* [What the task asks]:
Please repeat the data exactly. Any picture in it stays out.

* [Supplied information]:
=== Begin Enclosure ===

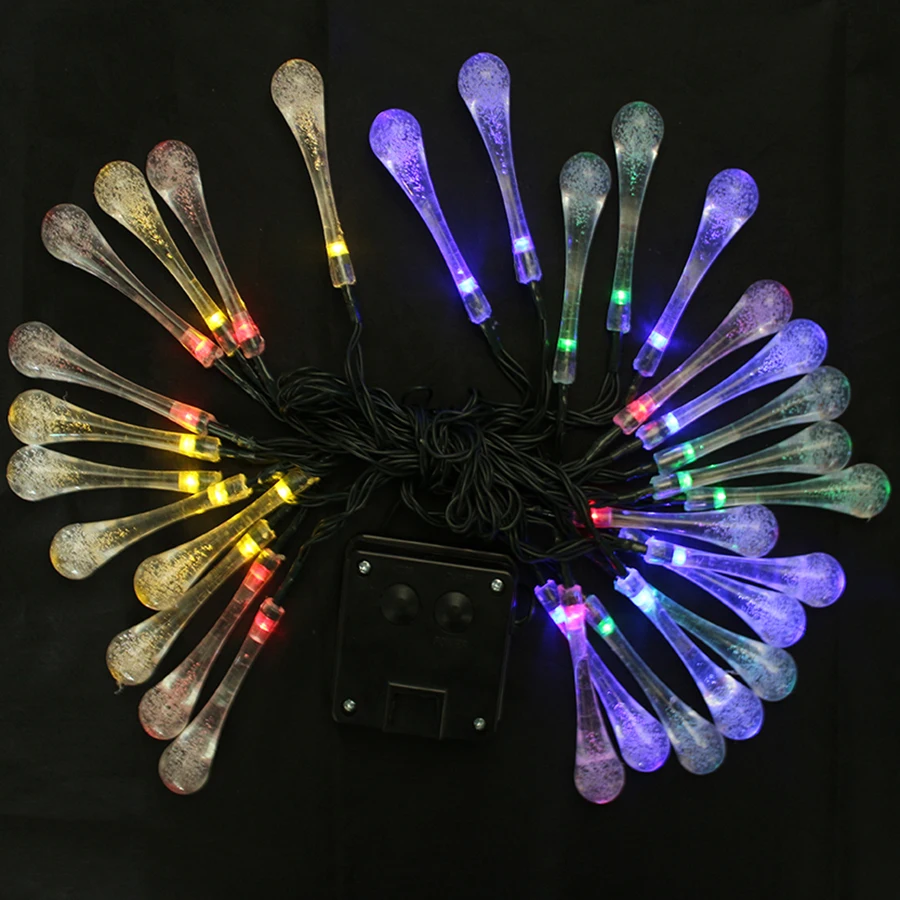 Уличная гирсветильник на солнечной батарее 5 м 20 светодиодов в виде сосулек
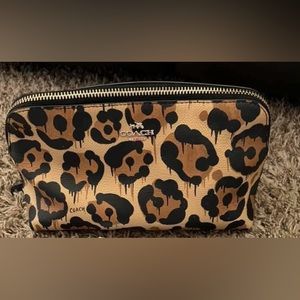 Limited edition Coach x baseman cosmetic case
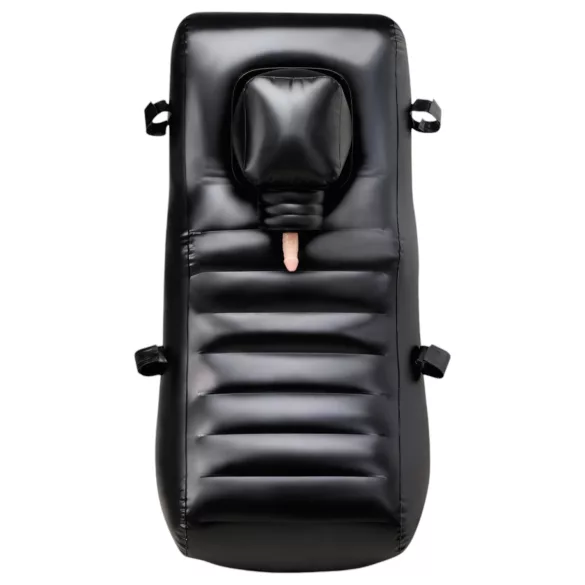 Louisiana Lounger - sexmaskin med inbyggd vibrator - svart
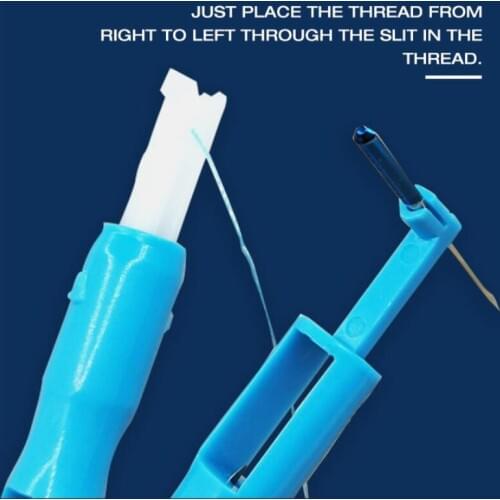 Needle Threader Tool Thread Insert Stitch Insertion Tool For Sewing Machine Needle Inserter Manual 1Pcs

=== End Enclosure ===

* [Solution for this problem]:
 Уличная гирсветильник на солнечной батарее 5 м 20 светодиодов в виде сосулек
 Limited edition Coach x baseman cosmetic case
 Louisiana Lounger - sexmaskin med inbyggd vibrator - svart
 Needle Threader Tool Thread Insert Stitch Insertion Tool For Sewing Machine Needle Inserter Manual 1Pcs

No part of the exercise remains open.